# What to do with empty EO bottles



## serfmunke (Mar 20, 2012)

Hi, besides recycling, is there anything else one can do with the empty EO bottles from NDA? Do they take them back by chance and reuse them??? Does anyone have any cool uses for them? I try to use recycling as a last resort and re purpose things instead but cannot think of anything. Plus I have a lot of them, the 3.3 oz ones. I suppose ordering the larger ones will alleviate this a little. Thanks!


----------



## rileylite (Mar 20, 2012)

I've used some little ones as sugar scrub or lotion containers for travelling after I cleaned them. Beyond that I'm not really sure!


----------



## musiccitysuds (Mar 21, 2012)

Sometimes I'll use them to pre-mix blends so I don't have to measure once it comes time to put it in my soap. 

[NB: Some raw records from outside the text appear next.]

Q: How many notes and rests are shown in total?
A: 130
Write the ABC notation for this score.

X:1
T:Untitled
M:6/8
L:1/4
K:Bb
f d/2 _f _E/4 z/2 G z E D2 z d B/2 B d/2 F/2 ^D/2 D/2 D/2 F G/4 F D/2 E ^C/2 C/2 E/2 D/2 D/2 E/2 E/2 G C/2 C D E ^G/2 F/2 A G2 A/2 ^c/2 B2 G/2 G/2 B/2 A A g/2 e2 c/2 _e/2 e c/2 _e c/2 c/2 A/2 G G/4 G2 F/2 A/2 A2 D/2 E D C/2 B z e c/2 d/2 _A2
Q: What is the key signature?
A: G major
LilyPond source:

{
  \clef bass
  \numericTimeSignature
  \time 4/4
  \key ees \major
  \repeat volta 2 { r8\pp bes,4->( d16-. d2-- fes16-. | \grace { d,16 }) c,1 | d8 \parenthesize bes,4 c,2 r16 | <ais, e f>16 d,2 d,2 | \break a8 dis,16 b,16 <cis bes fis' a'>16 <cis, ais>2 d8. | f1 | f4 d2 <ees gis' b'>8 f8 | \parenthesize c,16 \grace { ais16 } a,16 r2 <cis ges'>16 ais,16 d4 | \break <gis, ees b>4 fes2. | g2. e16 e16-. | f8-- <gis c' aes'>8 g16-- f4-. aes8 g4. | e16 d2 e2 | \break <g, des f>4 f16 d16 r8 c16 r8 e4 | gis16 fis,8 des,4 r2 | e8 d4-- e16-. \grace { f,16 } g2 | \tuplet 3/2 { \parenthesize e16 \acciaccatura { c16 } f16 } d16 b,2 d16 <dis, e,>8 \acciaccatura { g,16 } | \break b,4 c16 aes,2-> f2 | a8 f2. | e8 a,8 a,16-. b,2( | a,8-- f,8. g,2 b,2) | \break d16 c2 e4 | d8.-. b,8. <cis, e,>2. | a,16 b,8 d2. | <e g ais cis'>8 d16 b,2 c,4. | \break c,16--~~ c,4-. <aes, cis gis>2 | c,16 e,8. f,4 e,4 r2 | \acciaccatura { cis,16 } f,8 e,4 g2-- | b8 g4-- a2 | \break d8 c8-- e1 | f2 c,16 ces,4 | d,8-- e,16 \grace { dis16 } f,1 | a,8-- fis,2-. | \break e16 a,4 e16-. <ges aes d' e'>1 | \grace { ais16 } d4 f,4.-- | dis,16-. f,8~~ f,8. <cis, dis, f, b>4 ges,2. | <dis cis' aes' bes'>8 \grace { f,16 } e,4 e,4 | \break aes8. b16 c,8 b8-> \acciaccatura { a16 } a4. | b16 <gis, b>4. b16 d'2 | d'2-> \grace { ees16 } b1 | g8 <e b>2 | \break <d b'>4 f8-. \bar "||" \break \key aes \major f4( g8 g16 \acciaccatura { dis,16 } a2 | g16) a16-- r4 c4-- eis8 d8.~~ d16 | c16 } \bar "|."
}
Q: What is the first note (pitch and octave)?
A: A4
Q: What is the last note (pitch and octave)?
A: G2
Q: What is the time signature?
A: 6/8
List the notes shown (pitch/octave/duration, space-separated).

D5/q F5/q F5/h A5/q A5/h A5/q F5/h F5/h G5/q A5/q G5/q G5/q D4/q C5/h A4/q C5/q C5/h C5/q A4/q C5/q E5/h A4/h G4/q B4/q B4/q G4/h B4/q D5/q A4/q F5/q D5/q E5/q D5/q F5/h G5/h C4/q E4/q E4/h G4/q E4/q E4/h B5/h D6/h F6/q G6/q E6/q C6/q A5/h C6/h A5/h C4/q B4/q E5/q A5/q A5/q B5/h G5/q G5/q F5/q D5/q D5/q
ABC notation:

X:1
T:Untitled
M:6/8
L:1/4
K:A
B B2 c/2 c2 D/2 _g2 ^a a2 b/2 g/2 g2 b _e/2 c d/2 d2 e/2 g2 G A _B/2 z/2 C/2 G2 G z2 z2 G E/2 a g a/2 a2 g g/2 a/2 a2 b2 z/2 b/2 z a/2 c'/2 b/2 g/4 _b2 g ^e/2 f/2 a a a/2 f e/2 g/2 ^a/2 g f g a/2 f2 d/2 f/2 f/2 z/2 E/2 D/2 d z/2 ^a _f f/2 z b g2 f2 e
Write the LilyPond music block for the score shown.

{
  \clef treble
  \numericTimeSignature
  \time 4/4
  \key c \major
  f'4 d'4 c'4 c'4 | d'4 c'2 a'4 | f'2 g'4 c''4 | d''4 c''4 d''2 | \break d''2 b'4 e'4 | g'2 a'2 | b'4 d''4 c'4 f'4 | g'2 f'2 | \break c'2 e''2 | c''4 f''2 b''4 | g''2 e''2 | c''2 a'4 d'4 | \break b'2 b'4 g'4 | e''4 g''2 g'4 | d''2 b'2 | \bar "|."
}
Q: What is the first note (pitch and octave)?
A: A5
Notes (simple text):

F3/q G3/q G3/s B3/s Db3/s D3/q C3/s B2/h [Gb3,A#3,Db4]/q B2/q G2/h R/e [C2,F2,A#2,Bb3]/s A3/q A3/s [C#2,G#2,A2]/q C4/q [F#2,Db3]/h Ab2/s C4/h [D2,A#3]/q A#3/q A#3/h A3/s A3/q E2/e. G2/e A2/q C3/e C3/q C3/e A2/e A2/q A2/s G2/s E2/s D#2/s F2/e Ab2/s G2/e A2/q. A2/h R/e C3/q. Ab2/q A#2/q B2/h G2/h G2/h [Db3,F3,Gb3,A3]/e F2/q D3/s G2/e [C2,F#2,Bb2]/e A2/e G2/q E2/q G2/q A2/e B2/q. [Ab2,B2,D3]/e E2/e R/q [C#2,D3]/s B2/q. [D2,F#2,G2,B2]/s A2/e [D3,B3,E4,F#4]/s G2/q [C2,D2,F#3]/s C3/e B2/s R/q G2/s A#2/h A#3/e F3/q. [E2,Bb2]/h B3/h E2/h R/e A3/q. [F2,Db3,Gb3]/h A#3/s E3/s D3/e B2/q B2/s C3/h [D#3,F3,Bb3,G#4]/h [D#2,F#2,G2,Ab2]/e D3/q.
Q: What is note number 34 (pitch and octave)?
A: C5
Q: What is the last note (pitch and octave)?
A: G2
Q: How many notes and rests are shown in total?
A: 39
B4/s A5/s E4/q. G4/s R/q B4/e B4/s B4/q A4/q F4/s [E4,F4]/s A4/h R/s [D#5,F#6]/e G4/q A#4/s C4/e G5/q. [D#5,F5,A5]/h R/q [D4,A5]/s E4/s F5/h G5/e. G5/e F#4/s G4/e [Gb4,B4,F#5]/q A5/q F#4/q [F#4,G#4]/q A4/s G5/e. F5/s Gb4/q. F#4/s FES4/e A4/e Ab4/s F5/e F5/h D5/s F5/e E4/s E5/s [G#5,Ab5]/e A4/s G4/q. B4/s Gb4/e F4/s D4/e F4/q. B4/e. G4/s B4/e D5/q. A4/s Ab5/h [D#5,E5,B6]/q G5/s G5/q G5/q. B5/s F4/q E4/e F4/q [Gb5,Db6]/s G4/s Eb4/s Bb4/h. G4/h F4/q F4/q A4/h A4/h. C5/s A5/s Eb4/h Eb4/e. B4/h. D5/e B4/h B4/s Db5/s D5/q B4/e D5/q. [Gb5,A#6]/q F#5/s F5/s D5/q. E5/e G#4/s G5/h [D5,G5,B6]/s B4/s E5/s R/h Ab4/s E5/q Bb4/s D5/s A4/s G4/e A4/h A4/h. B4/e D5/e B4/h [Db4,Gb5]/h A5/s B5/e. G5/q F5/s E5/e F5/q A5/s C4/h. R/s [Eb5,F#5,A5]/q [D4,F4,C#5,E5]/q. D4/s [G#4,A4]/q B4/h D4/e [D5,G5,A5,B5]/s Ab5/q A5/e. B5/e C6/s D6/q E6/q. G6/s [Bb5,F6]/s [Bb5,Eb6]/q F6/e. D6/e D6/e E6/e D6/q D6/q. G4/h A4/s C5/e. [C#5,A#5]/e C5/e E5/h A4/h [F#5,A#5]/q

I also use the small ones to use as gifts for friends. I'll put a little lavender or other eo in one and give them to friends who have oil burners with a nice little card explaining how much to use. You can also print labels to go over the existing one. I once made a "Sara's Birthday Blend" this way. She loved it.


----------



## serfmunke (Mar 22, 2012)

Both good ideas, thanks


----------



## Guest (Mar 27, 2012)

I don't know if you like to do crafts but I have seen some really cool lightfixtures and chandelirs, even christmas trees made with glass bottles.  The common method that I have seen is a metal skeleton with a rod and a light on the end for each bottle, pretty much all you see is the lit up bottles, so pretty.  For small bottles, I see something with an LED light in each one.  Would make for a nice effect, and if they are amber bottles a neet nightlight.  What if you could mount the bottles on a flat sheet of glass to make something to hang keyrings on.  Neet!  but ofcourse thes things require some metalwork or even glasswork equipment.. why I haven't tried it out myself.  =P

I saw this one christmas tree from green beer bottles.  They used gradually smaller glass sheets. lay out a circle of bottles, top with the glass sheet, then stack smaller circle of bottles, and so on untill it gets to the top and the thing even had lights!!


----------



## ilovedoxies (Mar 31, 2012)

If they're glass I give them to a friend that mixes her own aromatherapy oils.


----------



## Soapy Gurl (Mar 31, 2012)

I bet you could sell on Etsy or Ebay.  Not to make money, but to find someone that wants them!  Lots of people buy the bottles!


----------



## serfmunke (Apr 18, 2012)

Some more very good ideas! Thanks soapers


----------